Five days after an attack that claimed the lives of hundreds of civilians in a Damascus suburb, the United States is declaring that the Assad regime did indeed use chemical weapons against Syrian civilians.
Though United Nations inspectors have not been able to investigate the attack in full, U.S. officials seem to have enough information to confirm responsibility and the weapon used in the attack that killed 355 people, according to Doctors Without Borders.
Secretary of State John Kerry was the first administration official to speak openly about the attack since President Obama and his top national security advisers met in an emergency session Saturday. Speaking from the State Department on Monday, Kerry said the Assad regime's suspected chemical-weapons use last week "defies any code of morality."
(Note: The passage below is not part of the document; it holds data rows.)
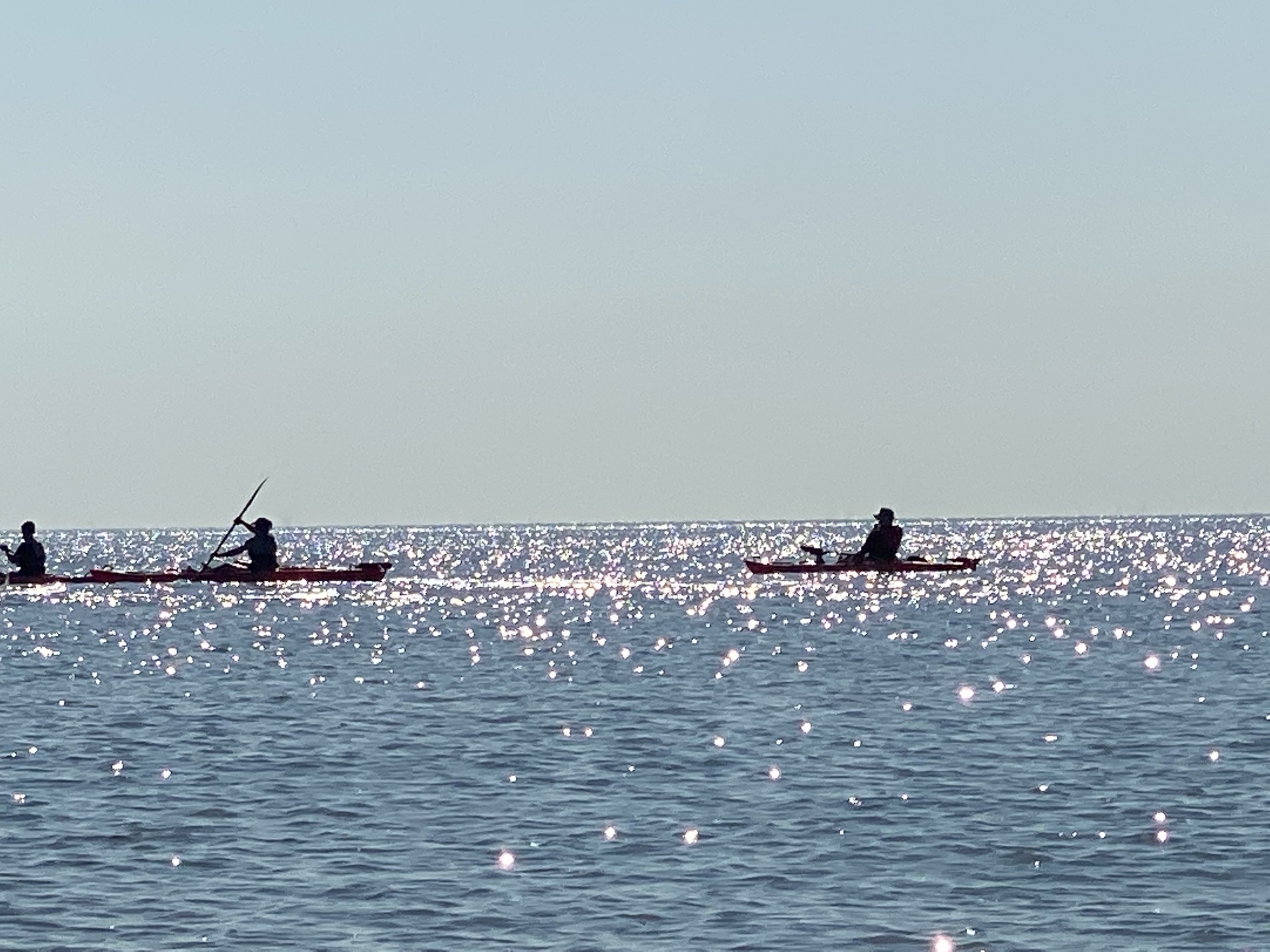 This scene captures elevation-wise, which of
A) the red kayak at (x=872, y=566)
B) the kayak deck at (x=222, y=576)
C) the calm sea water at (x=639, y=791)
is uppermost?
the red kayak at (x=872, y=566)

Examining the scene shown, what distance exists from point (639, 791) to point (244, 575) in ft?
185

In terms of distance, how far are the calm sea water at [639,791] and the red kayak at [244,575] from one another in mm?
19482

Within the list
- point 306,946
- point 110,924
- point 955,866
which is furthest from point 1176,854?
point 110,924

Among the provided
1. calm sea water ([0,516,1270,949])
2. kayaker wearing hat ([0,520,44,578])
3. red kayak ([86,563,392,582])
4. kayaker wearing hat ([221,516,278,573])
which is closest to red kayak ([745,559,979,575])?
red kayak ([86,563,392,582])

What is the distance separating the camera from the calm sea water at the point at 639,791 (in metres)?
21.3

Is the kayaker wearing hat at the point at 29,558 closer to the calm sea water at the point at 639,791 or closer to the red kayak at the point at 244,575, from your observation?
the red kayak at the point at 244,575

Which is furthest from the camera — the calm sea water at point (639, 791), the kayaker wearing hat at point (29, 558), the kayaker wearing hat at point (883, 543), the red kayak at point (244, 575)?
the kayaker wearing hat at point (883, 543)

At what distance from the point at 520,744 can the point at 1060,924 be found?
50.8 ft

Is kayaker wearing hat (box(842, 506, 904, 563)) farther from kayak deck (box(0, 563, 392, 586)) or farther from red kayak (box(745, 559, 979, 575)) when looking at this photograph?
kayak deck (box(0, 563, 392, 586))

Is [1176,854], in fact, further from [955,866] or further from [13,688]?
[13,688]

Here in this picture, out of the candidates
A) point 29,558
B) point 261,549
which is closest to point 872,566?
point 261,549

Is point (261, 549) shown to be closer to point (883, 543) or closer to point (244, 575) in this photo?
point (244, 575)

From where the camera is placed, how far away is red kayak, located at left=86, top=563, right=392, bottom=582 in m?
84.2

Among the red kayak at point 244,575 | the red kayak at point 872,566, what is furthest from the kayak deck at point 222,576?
the red kayak at point 872,566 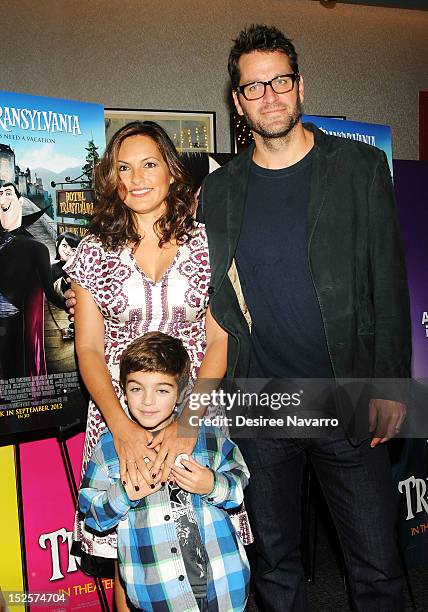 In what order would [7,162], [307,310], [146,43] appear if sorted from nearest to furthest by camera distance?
[307,310] < [7,162] < [146,43]

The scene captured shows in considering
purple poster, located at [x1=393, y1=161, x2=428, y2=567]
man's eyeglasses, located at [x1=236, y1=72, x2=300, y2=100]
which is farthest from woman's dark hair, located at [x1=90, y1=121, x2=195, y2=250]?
purple poster, located at [x1=393, y1=161, x2=428, y2=567]

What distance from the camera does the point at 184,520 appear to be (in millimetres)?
1974

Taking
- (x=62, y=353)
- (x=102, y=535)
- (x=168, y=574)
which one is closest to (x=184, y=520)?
(x=168, y=574)

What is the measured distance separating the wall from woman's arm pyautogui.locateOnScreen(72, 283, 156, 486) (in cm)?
215

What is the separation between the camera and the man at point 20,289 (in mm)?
2539

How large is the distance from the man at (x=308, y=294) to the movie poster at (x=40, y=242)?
72 cm

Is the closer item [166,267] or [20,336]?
[166,267]

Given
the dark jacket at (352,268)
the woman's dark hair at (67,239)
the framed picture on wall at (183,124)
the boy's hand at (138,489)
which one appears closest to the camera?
the boy's hand at (138,489)

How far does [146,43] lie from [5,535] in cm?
267

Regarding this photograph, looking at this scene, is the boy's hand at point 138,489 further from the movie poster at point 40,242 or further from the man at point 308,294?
the movie poster at point 40,242

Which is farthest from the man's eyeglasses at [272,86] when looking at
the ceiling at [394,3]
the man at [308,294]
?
the ceiling at [394,3]

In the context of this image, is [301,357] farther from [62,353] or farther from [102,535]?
[62,353]

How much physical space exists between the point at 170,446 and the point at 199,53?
2931mm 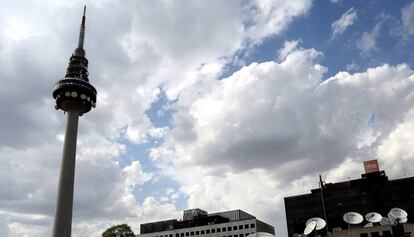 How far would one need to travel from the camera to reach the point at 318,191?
126m

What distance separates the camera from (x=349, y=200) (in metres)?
120

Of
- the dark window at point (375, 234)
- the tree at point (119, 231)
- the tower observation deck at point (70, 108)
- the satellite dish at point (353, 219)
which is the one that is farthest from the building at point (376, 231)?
the tower observation deck at point (70, 108)

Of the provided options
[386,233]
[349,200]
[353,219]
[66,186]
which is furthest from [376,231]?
[66,186]

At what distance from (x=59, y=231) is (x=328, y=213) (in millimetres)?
73427

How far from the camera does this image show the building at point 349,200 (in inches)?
4510

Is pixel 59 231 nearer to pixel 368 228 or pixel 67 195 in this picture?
pixel 67 195

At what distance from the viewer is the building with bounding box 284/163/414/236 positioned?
376ft

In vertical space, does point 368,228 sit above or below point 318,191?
below

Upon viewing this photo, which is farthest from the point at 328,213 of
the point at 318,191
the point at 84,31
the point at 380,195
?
the point at 84,31

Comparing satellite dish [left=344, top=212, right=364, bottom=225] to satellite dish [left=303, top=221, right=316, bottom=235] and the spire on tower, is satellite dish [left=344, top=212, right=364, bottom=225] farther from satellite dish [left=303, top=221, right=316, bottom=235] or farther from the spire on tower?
the spire on tower

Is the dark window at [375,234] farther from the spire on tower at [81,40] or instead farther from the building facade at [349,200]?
the spire on tower at [81,40]

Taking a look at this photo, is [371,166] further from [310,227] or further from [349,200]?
[310,227]

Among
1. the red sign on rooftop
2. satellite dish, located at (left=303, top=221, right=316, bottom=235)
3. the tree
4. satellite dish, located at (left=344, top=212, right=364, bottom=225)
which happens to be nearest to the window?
satellite dish, located at (left=344, top=212, right=364, bottom=225)

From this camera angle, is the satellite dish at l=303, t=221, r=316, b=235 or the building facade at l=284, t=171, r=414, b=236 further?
the building facade at l=284, t=171, r=414, b=236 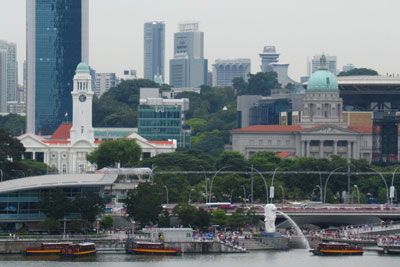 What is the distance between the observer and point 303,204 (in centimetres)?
17825

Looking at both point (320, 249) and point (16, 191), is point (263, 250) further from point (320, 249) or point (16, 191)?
point (16, 191)

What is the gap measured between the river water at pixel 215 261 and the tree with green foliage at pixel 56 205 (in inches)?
361

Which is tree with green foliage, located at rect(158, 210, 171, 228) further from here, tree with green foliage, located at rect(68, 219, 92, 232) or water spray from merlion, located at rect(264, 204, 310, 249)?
water spray from merlion, located at rect(264, 204, 310, 249)

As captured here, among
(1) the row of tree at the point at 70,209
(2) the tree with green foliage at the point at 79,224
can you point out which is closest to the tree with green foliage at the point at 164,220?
(1) the row of tree at the point at 70,209

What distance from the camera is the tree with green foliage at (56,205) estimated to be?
15062 centimetres

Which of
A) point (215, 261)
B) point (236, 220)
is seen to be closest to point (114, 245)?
point (215, 261)

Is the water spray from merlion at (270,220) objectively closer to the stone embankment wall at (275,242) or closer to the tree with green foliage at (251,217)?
the stone embankment wall at (275,242)

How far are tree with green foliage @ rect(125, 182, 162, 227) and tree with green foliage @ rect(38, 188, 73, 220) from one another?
7275 mm

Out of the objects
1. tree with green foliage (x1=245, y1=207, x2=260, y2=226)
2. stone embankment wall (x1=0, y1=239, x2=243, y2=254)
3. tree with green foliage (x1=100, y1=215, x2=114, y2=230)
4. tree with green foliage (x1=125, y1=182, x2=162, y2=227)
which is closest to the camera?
stone embankment wall (x1=0, y1=239, x2=243, y2=254)

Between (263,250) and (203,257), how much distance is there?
30.4 ft

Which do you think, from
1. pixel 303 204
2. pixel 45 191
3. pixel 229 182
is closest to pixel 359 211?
pixel 303 204

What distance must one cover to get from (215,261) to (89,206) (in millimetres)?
17641

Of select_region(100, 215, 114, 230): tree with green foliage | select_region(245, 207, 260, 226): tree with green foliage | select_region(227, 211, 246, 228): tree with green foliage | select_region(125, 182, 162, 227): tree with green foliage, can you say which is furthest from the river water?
select_region(245, 207, 260, 226): tree with green foliage

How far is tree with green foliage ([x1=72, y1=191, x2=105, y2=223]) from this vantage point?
498ft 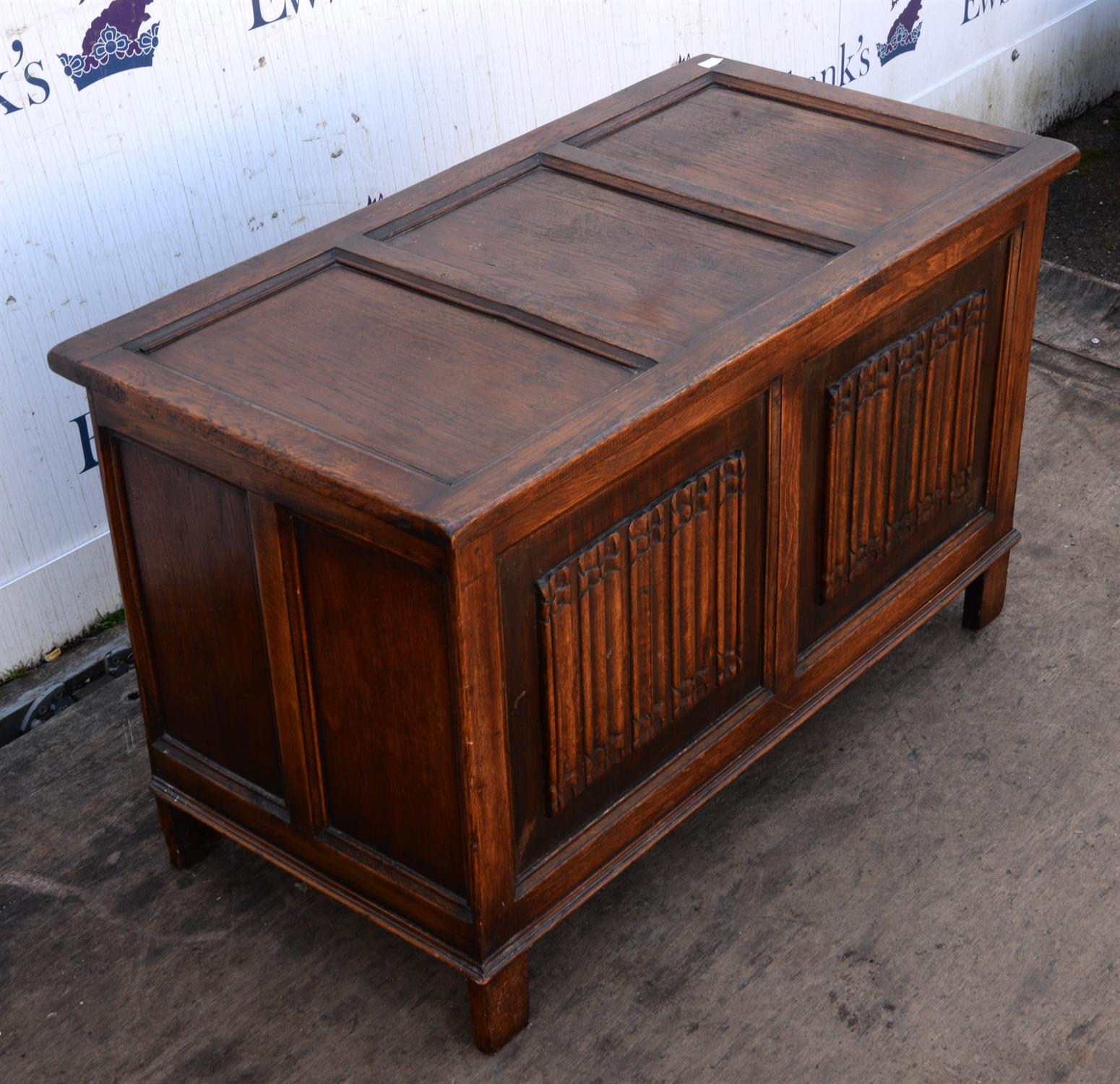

"The indiscriminate slaughter of civilians, the killing of women and children and innocent bystanders by chemical weapons is a moral obscenity," Kerry told reporters. "By any standard it is inexcusable, and despite the excuses and equivocations that some have manufactured, it is undeniable."
Now, the question shifts from whether the U.S. will use force against the Assad regime to when it will use force. Indeed, the U.S. is in talks with its allies, including France and the U.K., on what sort of force it will use. According to several reports, a cruise-missile launch from the sea is the leading option. Whatever Washington decides, it is clear that the U.S. will act, at least according to Kerry.